There is thison eBay and several other options in the $30 range on Amazon and other sites.

Anyone have any experience with less expensive options for adapting M39 screw-mount lenses?

I'll probably pull the trigger on the "adjustable" eBay version though the thought that the flange height is adjustable makes me a little nervous about the quality.

Have to load magic lantern and try out the focus peaking ...


----------



## gordonbb (Apr 18, 2014)

There are various options available.
The cream of the crop featuring German precision and engineering is the Novoflex EOS-M/lei available from BH for $156.99US and appears to be machined from a single block of metal and states that infinity focus will work so the height of the adapter is set to compensate for the differences in flange distance between the leica/canon S and the EOS M bodies.

Various other options from the Far East are available.

One option available for $30 Cdn from Amazon in Canada appears to mount flush with the body of the EOS M which leads me to suspect that the flange height differences have not been adequately compensated for. I have contacted the vendor asking if this adapter will allow infinity focus and have had an email in reply have not yet received an answer to the question.

There is also an adapter from Fotga for $33.10Cdn on Amazon in Canada which appears similar in height to the Novoflex and thus is likely to properly compensate for flange height differences.

Rainbow Imaging in New York have and adapter they sell for under $10US directly or through Amazon in the US or eBay.

While I love German engineering and have been lusting after Novoflex Macro Products for a few years I have decided to pull the trigger on the FOTGA and am ordering it through Amazon here in Canada. If the Rainbow Imaging adapter were available though Amazon in Canada I likely would have ordered that but ordering through Amazon US for delivery to Canada just adds complexity in Customs Brokerage and taxes that I'd rather not deal with.

Update to follow once the adapter arrives...


----------



## gordonbb (May 12, 2014)

The FOTGA adapter arrived Friday and with a busy weekend I haven't had much time to play with it.

Infinity focus works.

Here is the head of the pack in our household:




Serenar 50mm, f/1.8, 1/60, ISO 3200

This image is definitely not as sharp in the center as the 85mm f/1.2 at f/1.8 but for a 60 year-old lens and Canon's first attempt at a fast fifty it's not too bad. Definitely a more solid lens than the current 50 f/1.8!

Here is the obligatory Duck Shot. This mallard was sitting on the tree in the foreground that had been felled by a beaver.




Serenar 35mm f/2.8 at f/8, ISO 100, 1/160

Images from this lens appear soft but I have not had an opportunity to try it on a tripod.

There is some interesting flare from this lens and the contrast is not nearly as good as current lenses.
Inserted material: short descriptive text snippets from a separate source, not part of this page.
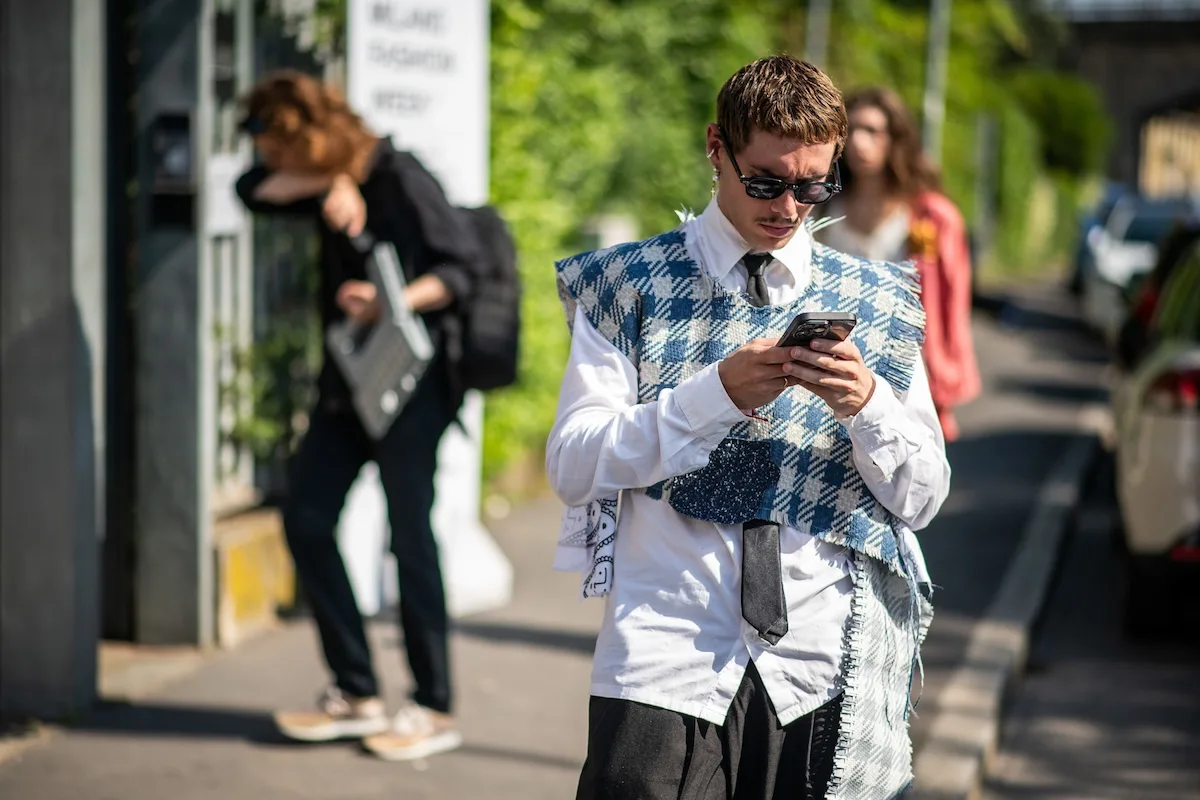 Temu i AliExpress tracą klientów przez cło na przesyłki z Chin. Mężczyzna w białej koszuli, czarnym krawacie i niebiesko-białej kraciastej kamizelce korzysta ze smartfona na ulicy. Ma na sobie ciemne okulary, a w tle widać przechodniów, samochód i zieleń.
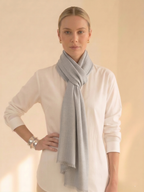 Woman wearing a light gray scarf around her neck against a beige background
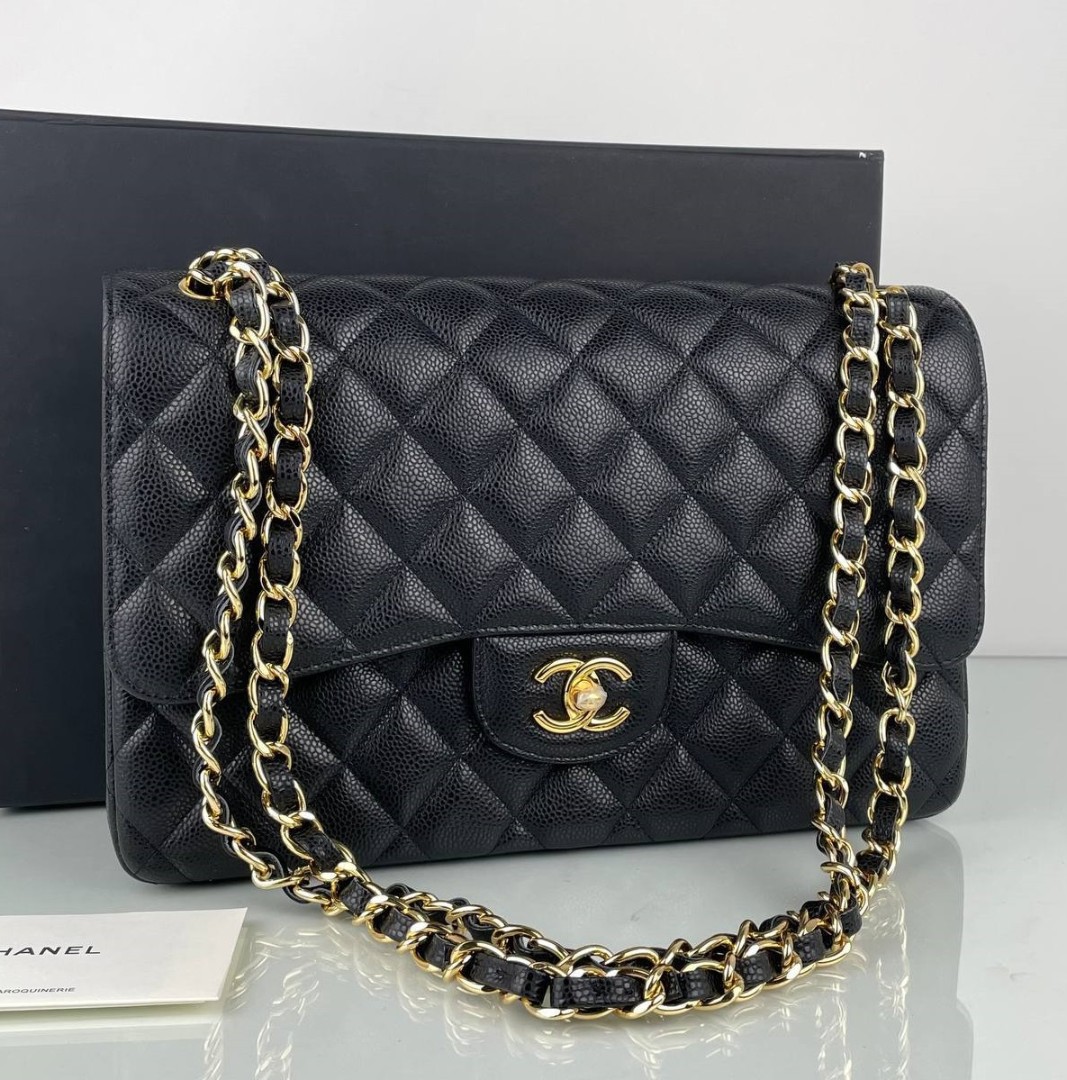 Женская черная кожаная сумка Chanel 11.12 Jumbo Classic Flap Bag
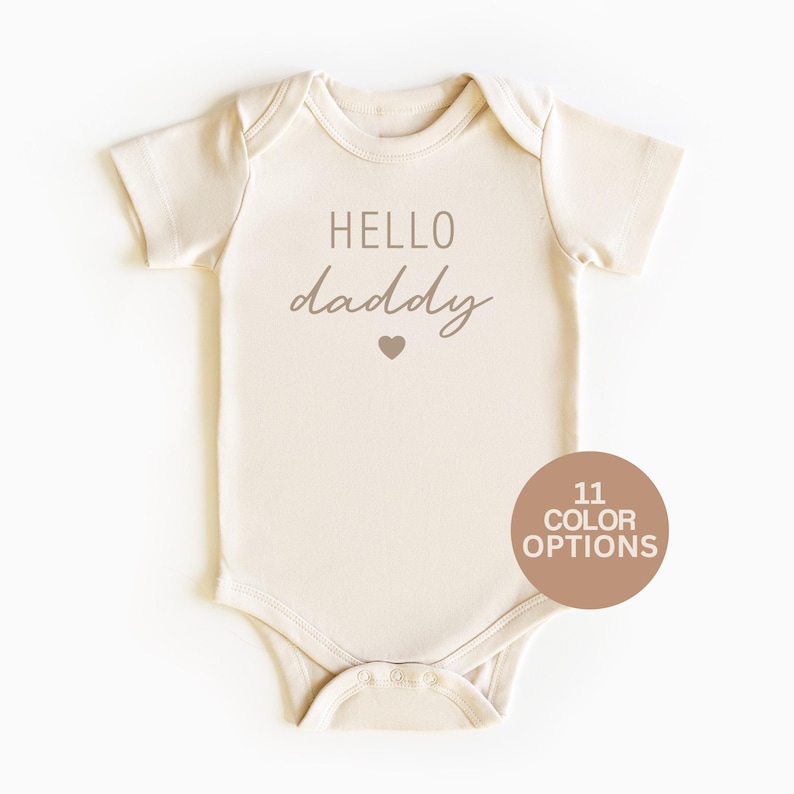 May include: A cream colored baby onesie with the text "HELLO daddy" in brown lettering and a small heart.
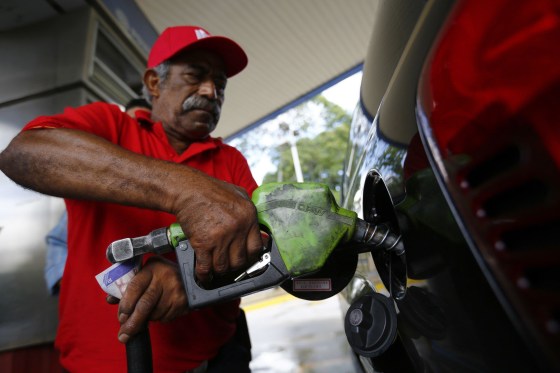 Image: A man pumps gasoline at a service station in Caracas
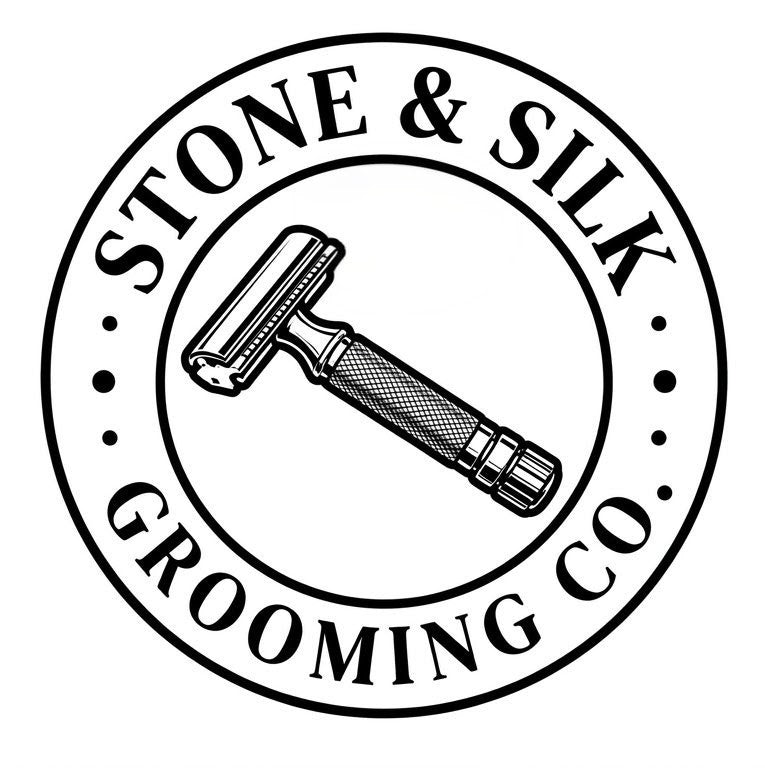 A circular black-and-white logo reading “STONE & SILK GROOMING CO.” with a vintage-style safety razor illustration in the center.
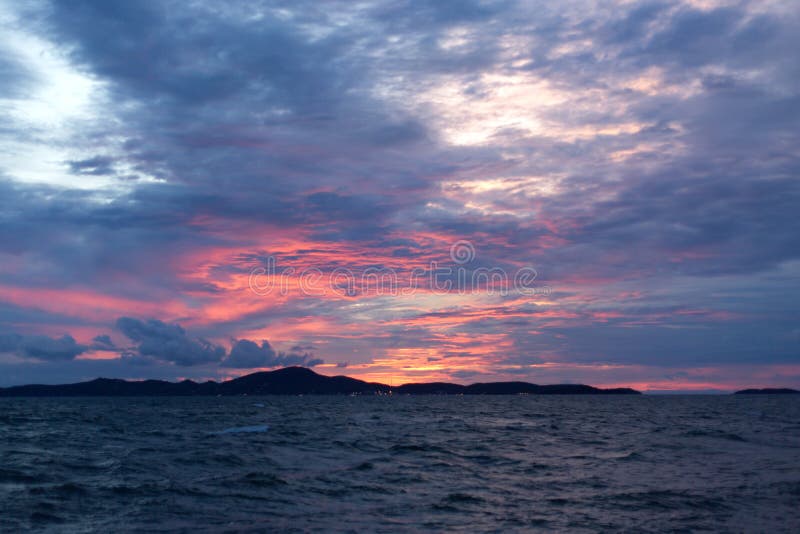 Sea pink sunset. Beautiful color clouds. royalty free stock photography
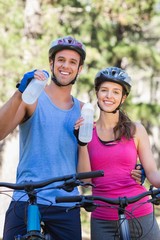 Naklejka premium Portrait of young couple drinking water at forest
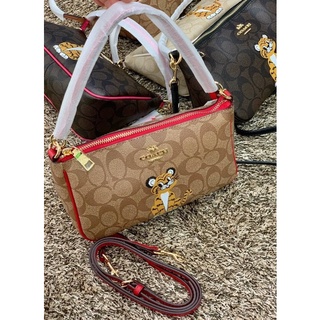 COACH TOP HANDLE POUCH SIGNATURE WITH BABY TIGER PRINT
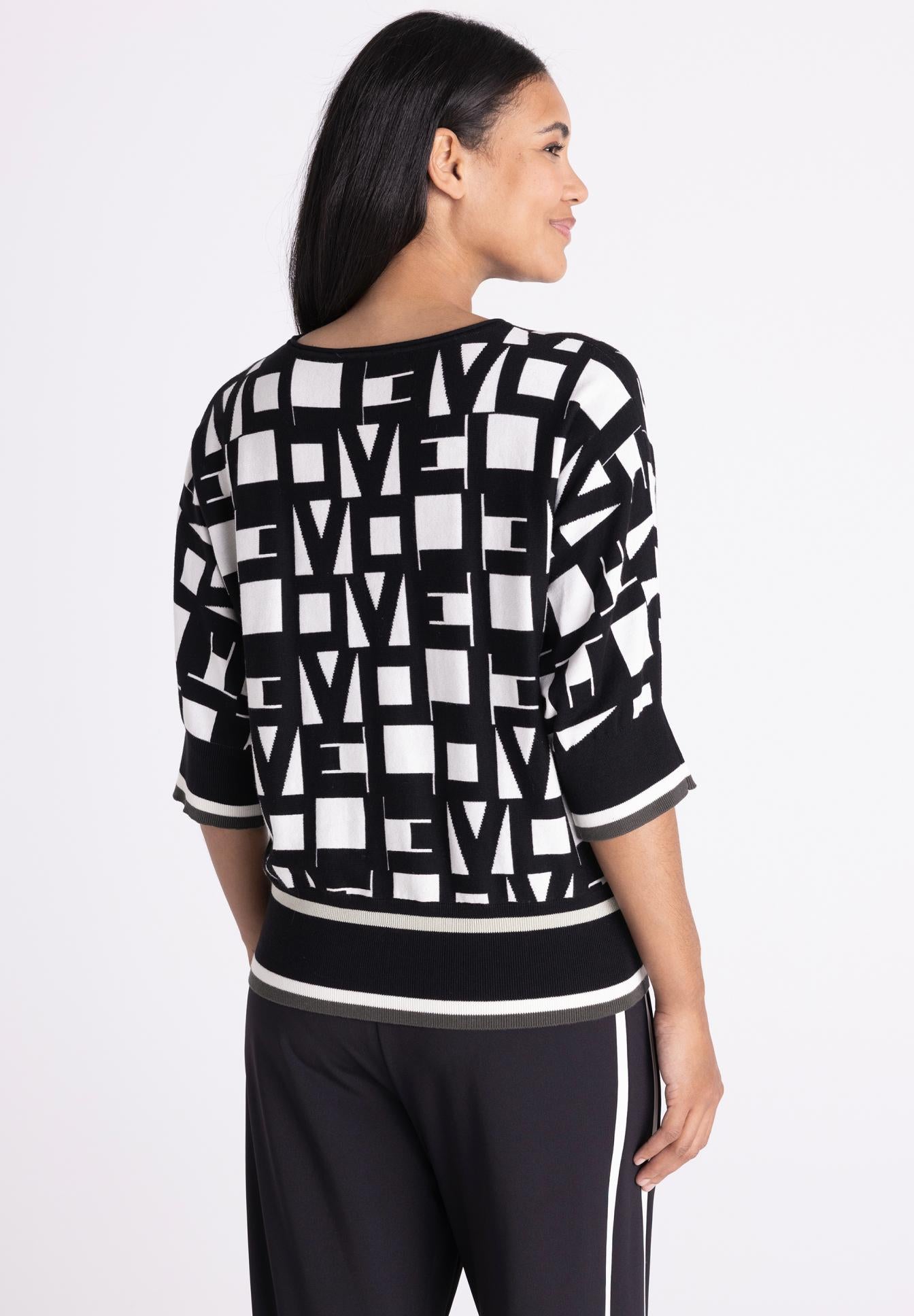 A woman shown from the back wearing a black and white geometric patterned knit sweater with three-quarter sleeves and black knit pants with white side stripes, against a plain light gray studio background.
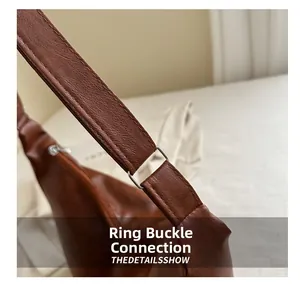 Detail aus Leder mit Litschi-Muster und silberner D-Ring Schnalle an brauner Tasche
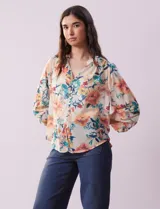 Blusa de gasa estampada con cuello a la base plisado y escote en V. Tiene apertura central con botones de nácar y mangas largas fruncidas. Incluye musculosa interna.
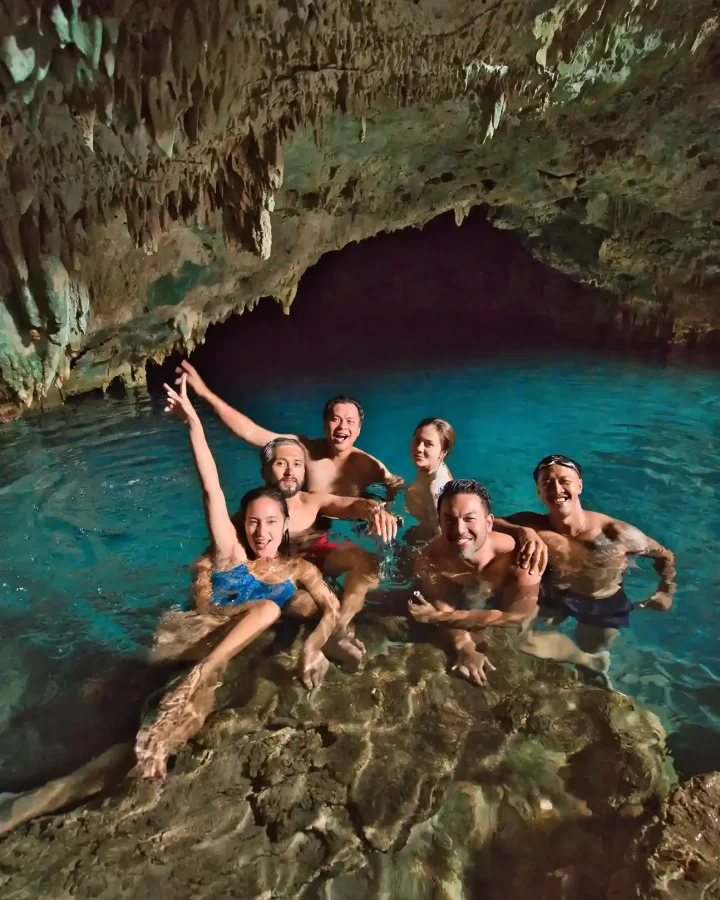 Visitors swimming in the tidal pool inside Rangko Cave, Labuan Bajo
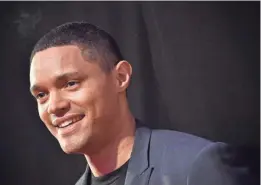  ?? GETTY IMAGES ?? Trevor Noah, host of Comedy Central’s “The Daily Show,” shares stories of his childhood in South Africa in his memoir, “Born a Crime.”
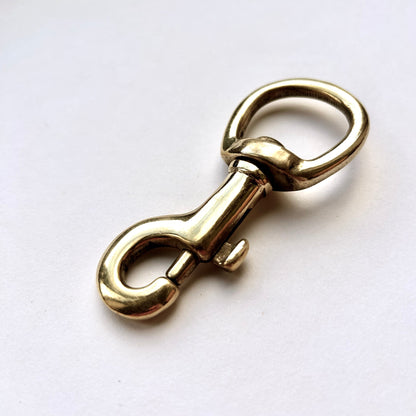 Gold metal clasp on a white background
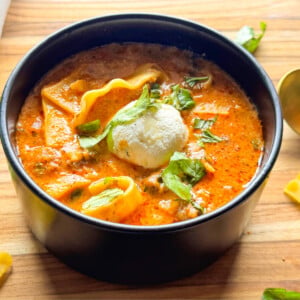 photo of lasagna soup in a black bowl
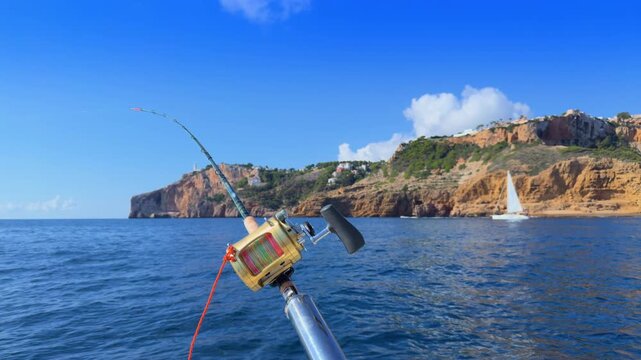 Costa Blanca trolling fishing rods on boat near Cape de la Nao in Alicante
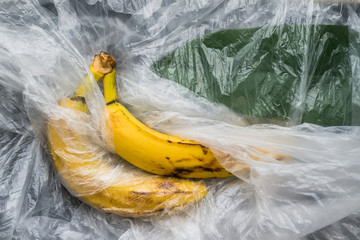 yellow ripe bananas with a plastic film polyethylene abstraction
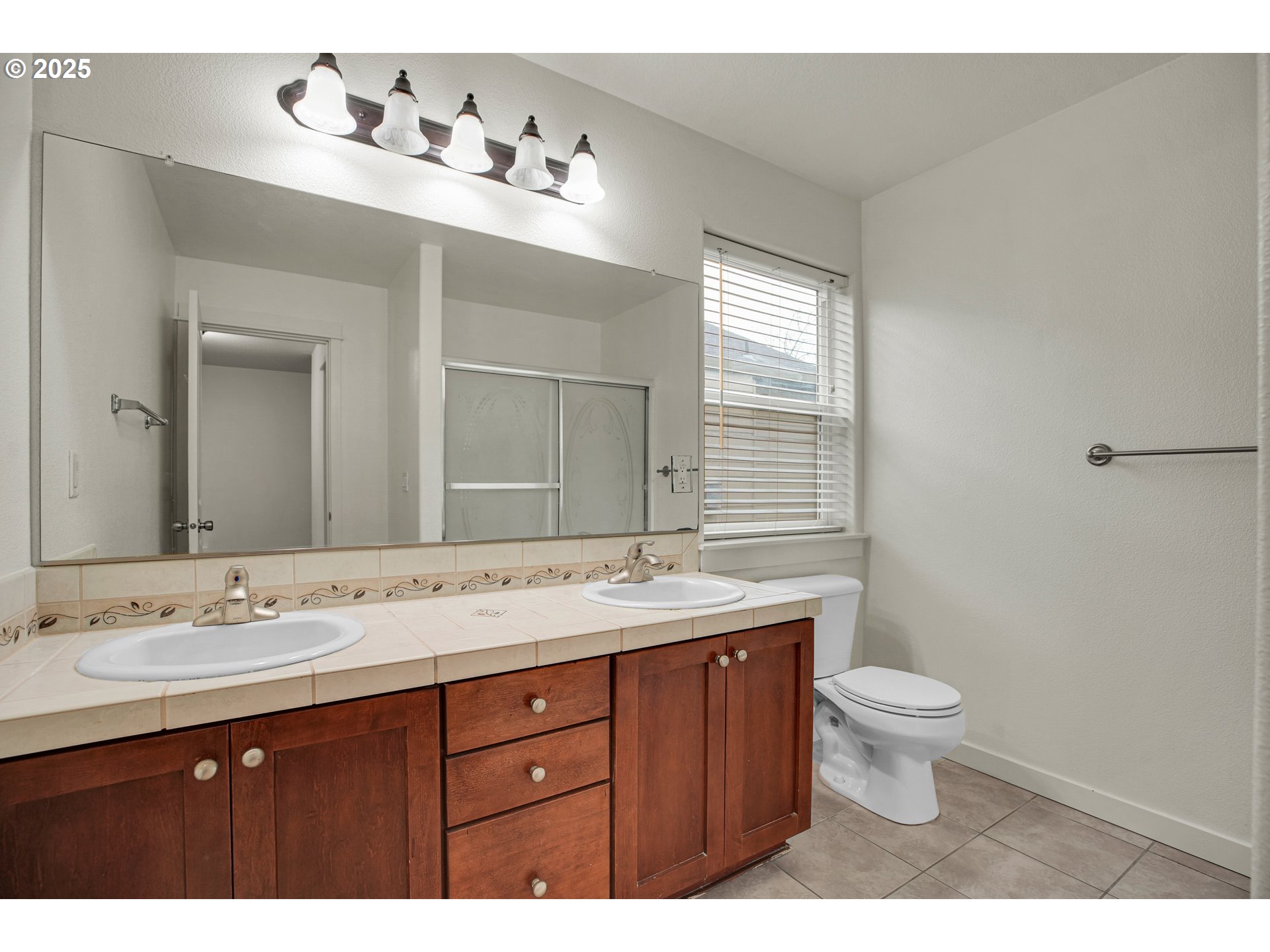 7110 Southwest Queen Lane Beaverton, OR 97008 - Photo 9 of 18 a bathroom with a granite countertop sink a toilet and a mirror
Serenar 35mm f/2.8 at f/5.6 set for hyperfocal distance ISO 100, 1/1000 and shot from the hip.

Though the lens appears to be soft it has a somewhat dreamy characteristic.





Focusing wide open using the 10x zoom then setting the aperture to the desired value seems to work well. I haven't loaded Magic Lantern yet and am curious to see how well the focus peaking works.

And the camera looks sweet with the lens and universal finder on it.


----------